Man denke an Innenminister Horst Seehofer, der zunehmend dünnhäutig auf Presseberichte reagiert, die ihm nicht gefallen. Er wolle nun selbst anfangen zu twittern, er sehe sich dazu gezwungen, weil er mit manchen Wahrheiten die Bevölkerung sonst nicht erreiche. Donald Trump lässt grüßen.

Herbert Reul, CDU-Innenminister von Nordrhein-Westfalen, hatte in der Affäre um die Abschiebung des Gefährders Sami A. erklärt, dass Richter bei aller Unabhängigkeit immer auch im Blick haben sollten, "dass ihre Entscheidungen dem Rechtsempfinden der Bevölkerung entsprechen". Man sollte Reul wahrlich kein rechtes Gedankengut unterstellen - aber vom Rechtsempfinden der Bevölkerung bis zum Volksempfinden scheint es zumindest begrifflich nicht weit.
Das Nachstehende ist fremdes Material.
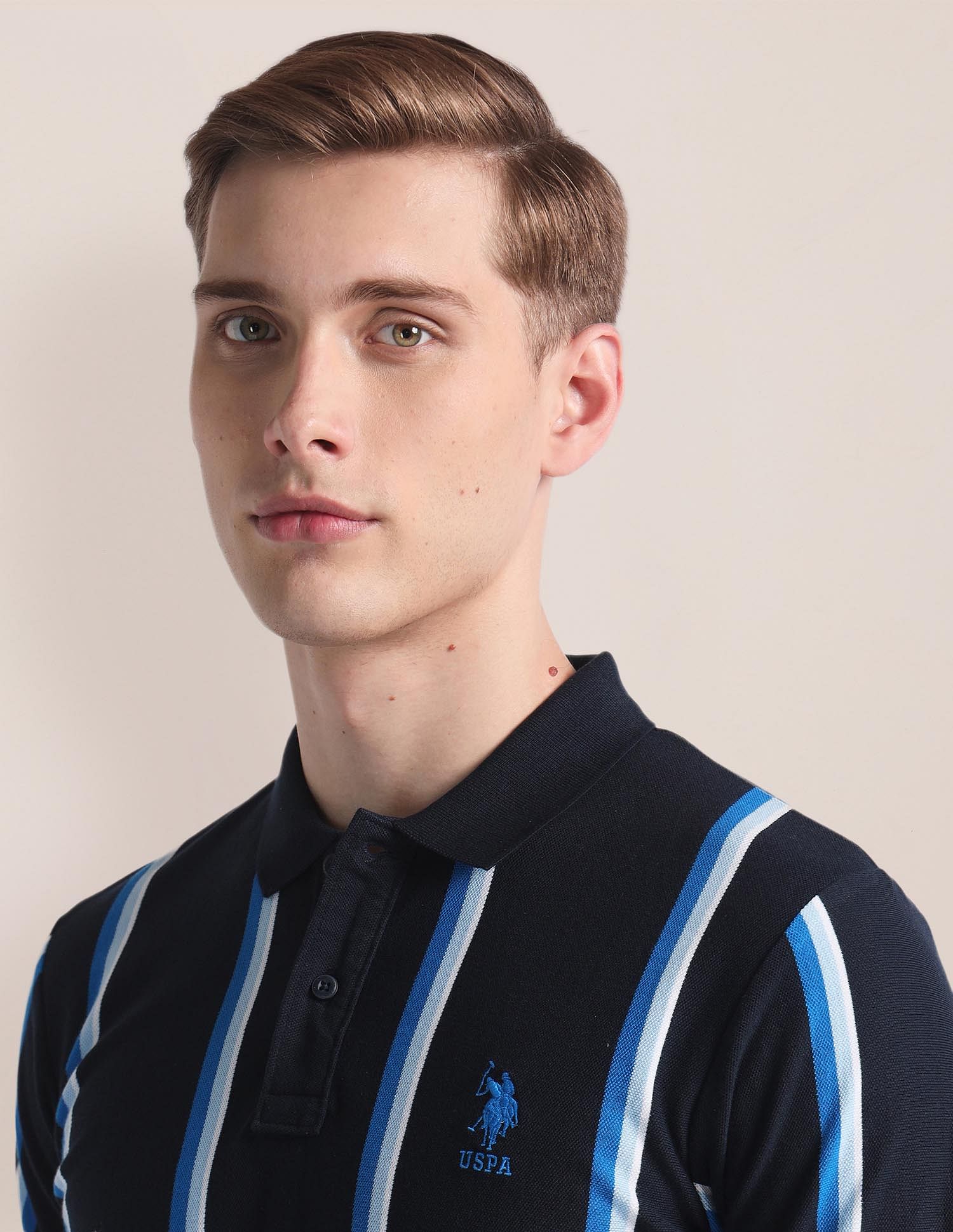 Vertical Stripe Logo Polo Shirt Navy - U.S. Polo Assn. India | Large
Union trägt zur Aushöhlung des Rechtsstaats bei

Auf jeden Fall tragen solche Aussagen nicht zur Verteidigung des Rechtsstaats bei, sondern zu dessen Aushöhlung. Die Frage stellt sich: Hat die Union keine Haltung mehr? Zum Rechtsstaat? Zur Pressefreiheit? Der Druck von rechts ist enorm, und getrieben von der Angst, noch mehr Wählerstimmen zu verlieren, vertiefen die Parteien mit dem C im Namen die Spaltung der Gesellschaft.
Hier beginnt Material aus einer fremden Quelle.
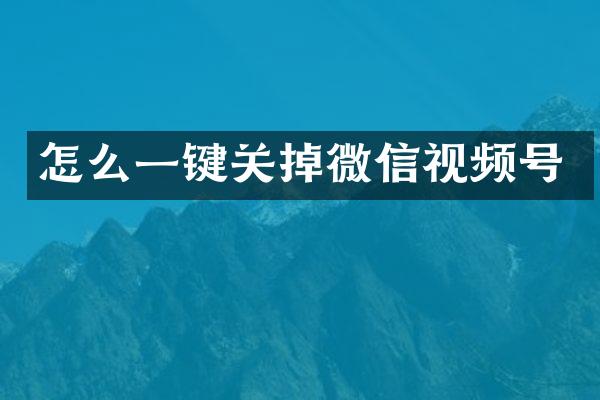 怎么一键关掉微信视频号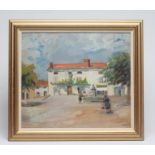 ELIZABETH CAMPBELL FISHER-CLAY (1871-1959), French Town Square, oil on board, signed, 15" x 17",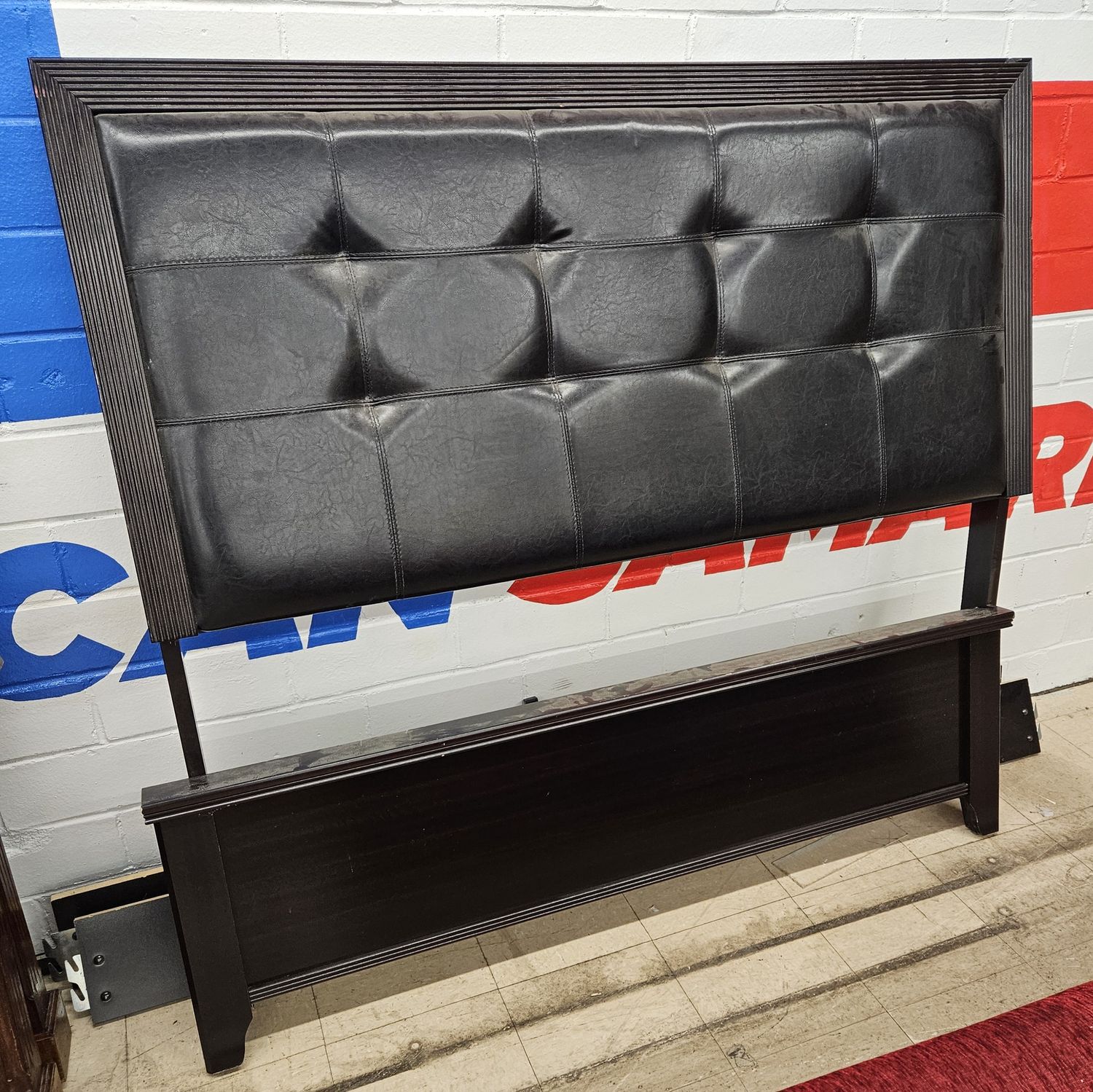 Modern black faux leather panel bed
So mancher Unionspolitiker scheint seine Botschaften so hinzubiegen, wie er glaubt, dass sie dem gemeinen AfD-Wähler schmecken. Mit dieser Strategie aber wird sich nichts gewinnen lassen - im Gegenteil. Die eher liberale Wählerklientel wird sich gut überlegen, ob sie ihre Stimme lieber einer anderen, bürgerlichen Partei geben soll. Und so mancher, der sich am rechten Rand der Union wähnt, wird darüber nachdenken, ob er nicht doch lieber das Original wählt.